DATA SHOWN Start Marker
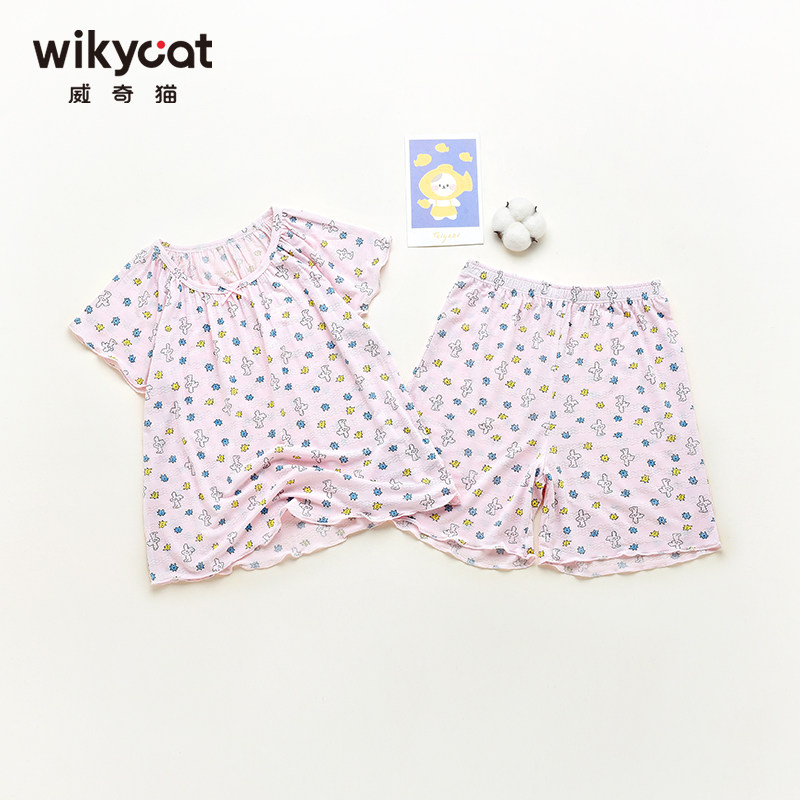 26新品威奇猫新品夏款莫代尔女童薄款家居服背心短裤网面超柔图片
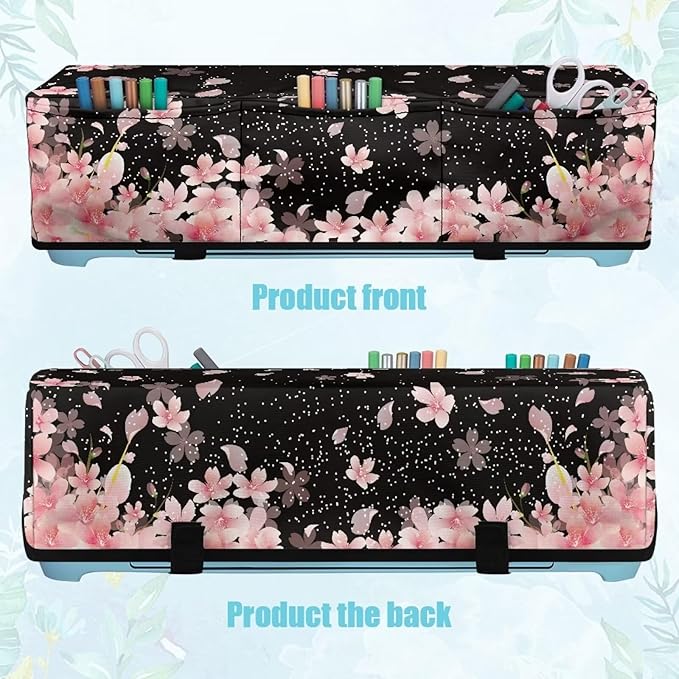 Binienty Cherry Blossom Dust Cover for Scrapbooking Die-Cut Machines Polyester Cutting Machine Maker Cover with 3 Pockets for Home Accessories Organizer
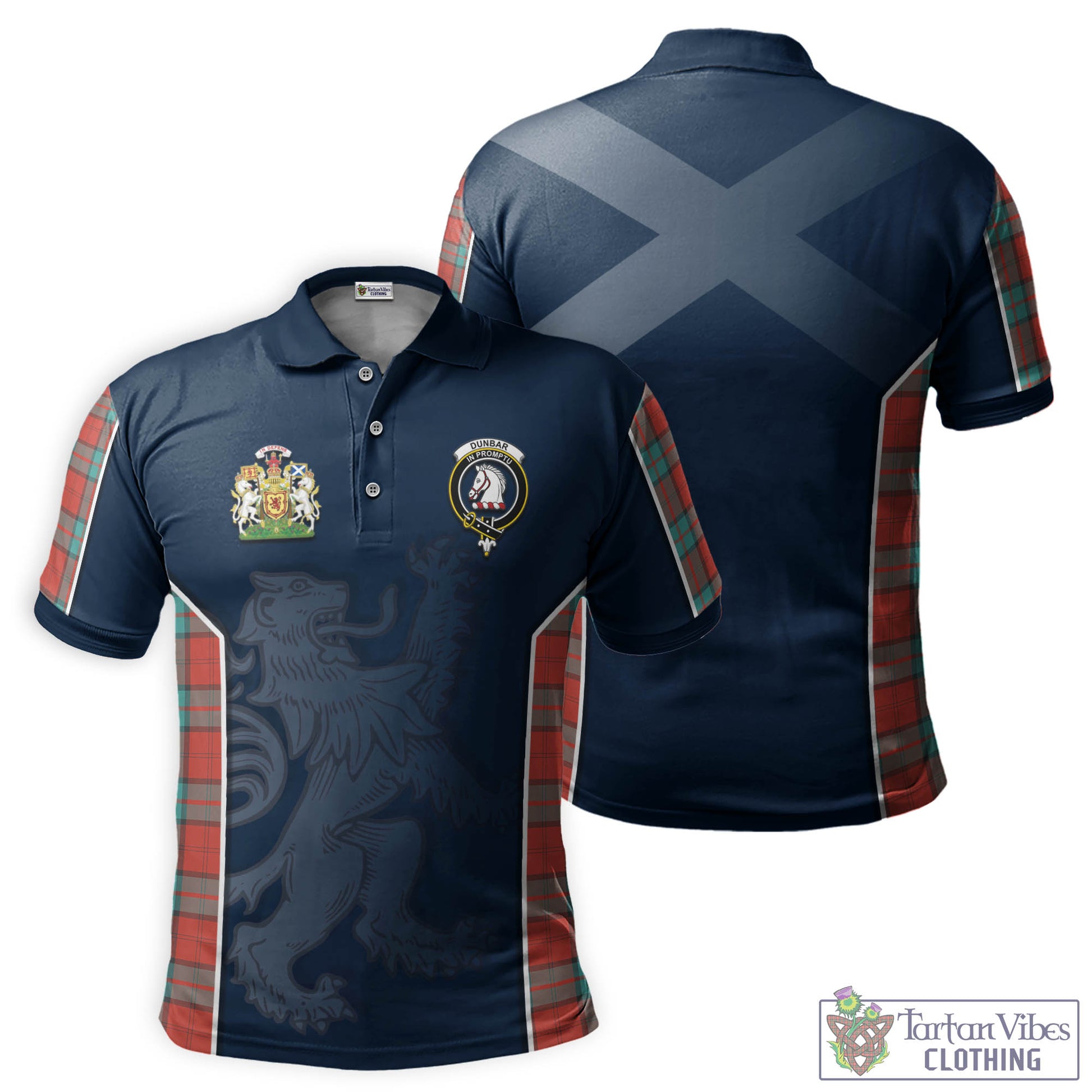 Tartan Vibes Clothing Dunbar Ancient Tartan Men's Polo Shirt with Family Crest and Lion Rampant Vibes Sport Style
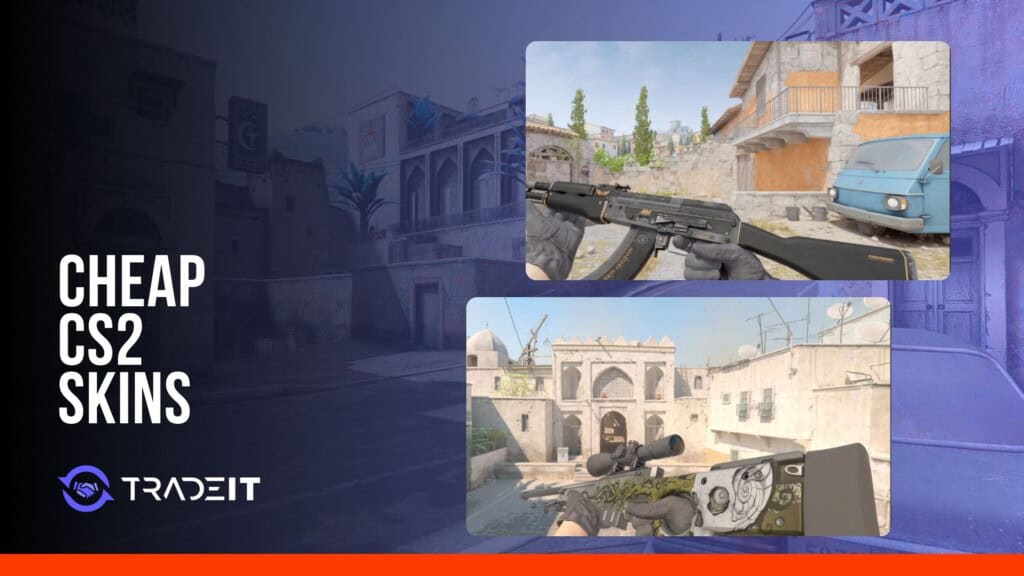 Cheapest CS2 skins featuring AK-47 Elite Build and AWP Worm God
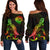 American Samoa Polynesian Women's Off Shoulder Sweater - Turtle With Blooming Hibiscus Reggae Art - Polynesian Pride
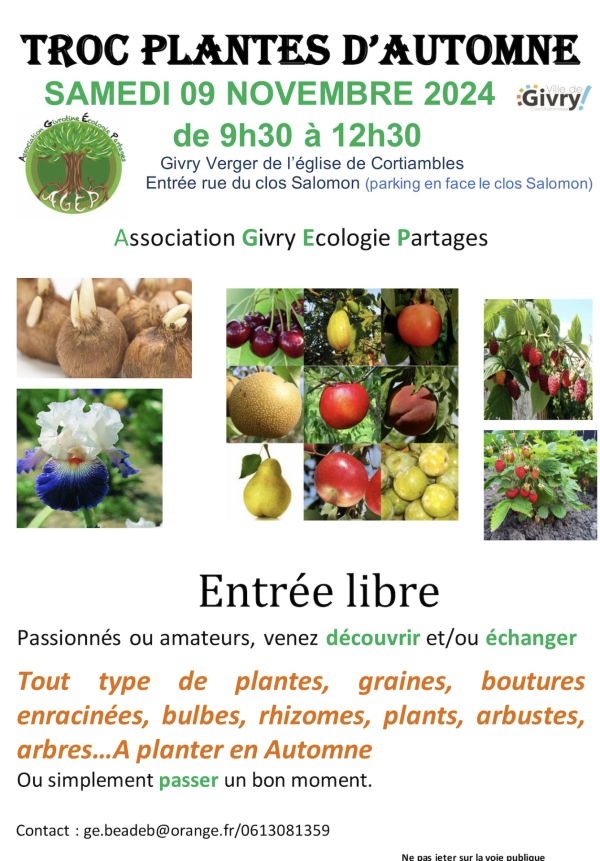 Le troc plantes de Givry vous donne rendez-vous le samedi 9 novembre 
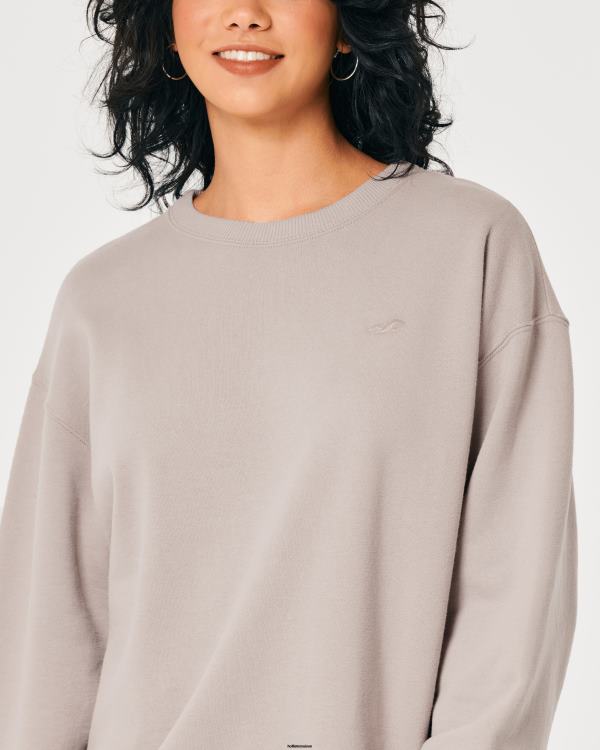sweat oversize à logo iconique femmes taupe Hollister hauts RRRJX19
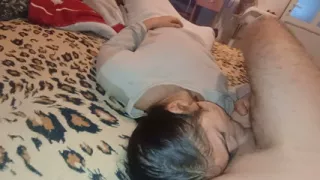 Stepdaughter licks my dick wonderfully and swallows it all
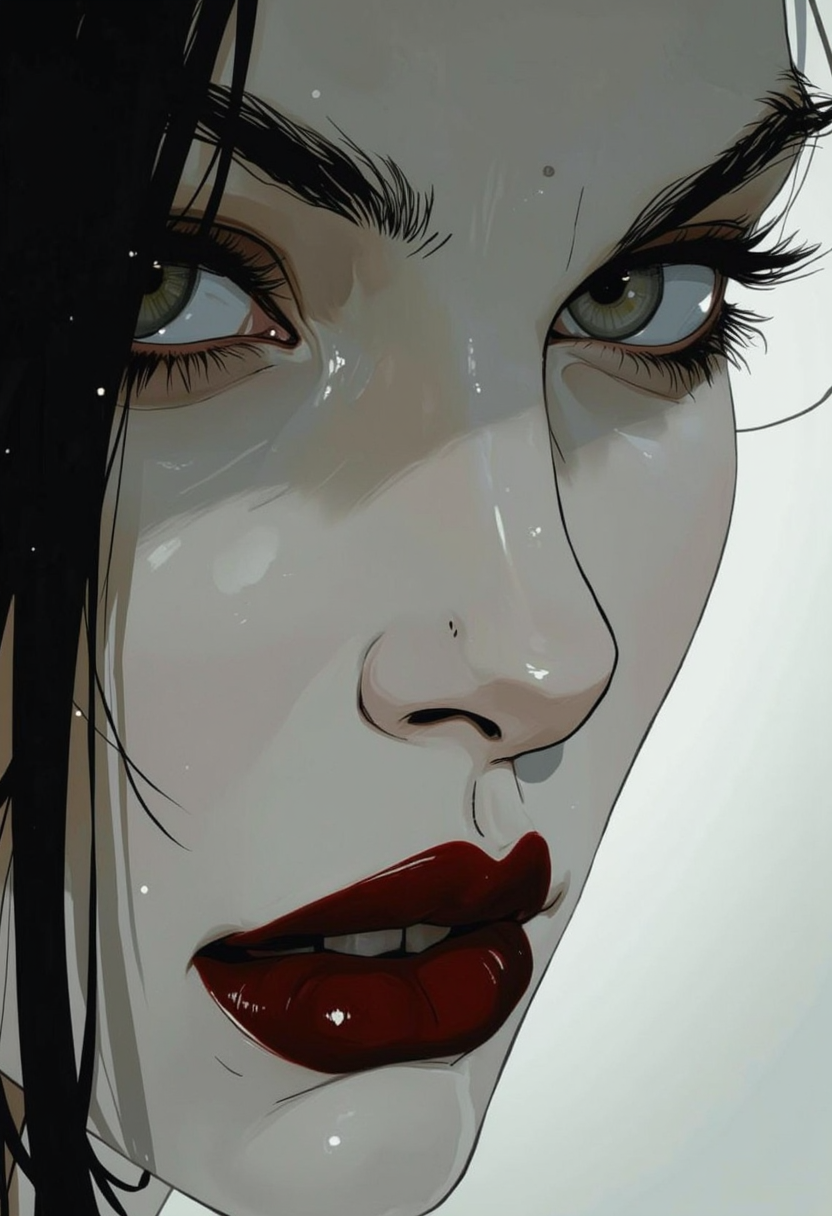 Anime art. A close-up digital illustration shoot from a portrait camera angle about a close up portrait of a woman's face with striking makeup and dark hair. the image also shows a woman with pale skin, long black hair, and striking red lipstick. on the middle of the image, a woman appears to be looking directly at the viewer, with a neutral expression. she has grey eyes, thick eyebrows, and thick eyelashes. her hair is styled in a way that frames her face, and her lips are painted with red lipstick, giving her a bold and dramatic look. the background is a simple gradient of light gray to white, which contrasts with the woman's striking features. the overall style is reminiscent of a comic book or graphic novel, with bold lines and a glossy finish that adds to the overall aesthetic.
DATA SHOWN End Marker
- _WHAT YOU HAVE TO DO_
Please give again, word for word, the lines from the one containing "Binienty Cherry Blossom" through the last line of the listing above, inclusive, and leave out pictures.

- _THE ANSWER_
 Binienty Cherry Blossom Dust Cover for Scrapbooking Die-Cut Machines Polyester Cutting Machine Maker Cover with 3 Pockets for Home Accessories Organizer
 Tartan Vibes Clothing Dunbar Ancient Tartan Men's Polo Shirt with Family Crest and Lion Rampant Vibes Sport Style
 Cheapest CS2 skins featuring AK-47 Elite Build and AWP Worm God
 American Samoa Polynesian Women's Off Shoulder Sweater - Turtle With Blooming Hibiscus Reggae Art - Polynesian Pride
 Le troc plantes de Givry vous donne rendez-vous le samedi 9 novembre 
sweat oversize à logo iconique femmes taupe Hollister hauts RRRJX19
 Stepdaughter licks my dick wonderfully and swallows it all
 Anime art. A close-up digital illustration shoot from a portrait camera angle about a close up portrait of a woman's face with striking makeup and dark hair. the image also shows a woman with pale skin, long black hair, and striking red lipstick. on the middle of the image, a woman appears to be looking directly at the viewer, with a neutral expression. she has grey eyes, thick eyebrows, and thick eyelashes. her hair is styled in a way that frames her face, and her lips are painted with red lipstick, giving her a bold and dramatic look. the background is a simple gradient of light gray to white, which contrasts with the woman's striking features. the overall style is reminiscent of a comic book or graphic novel, with bold lines and a glossy finish that adds to the overall aesthetic.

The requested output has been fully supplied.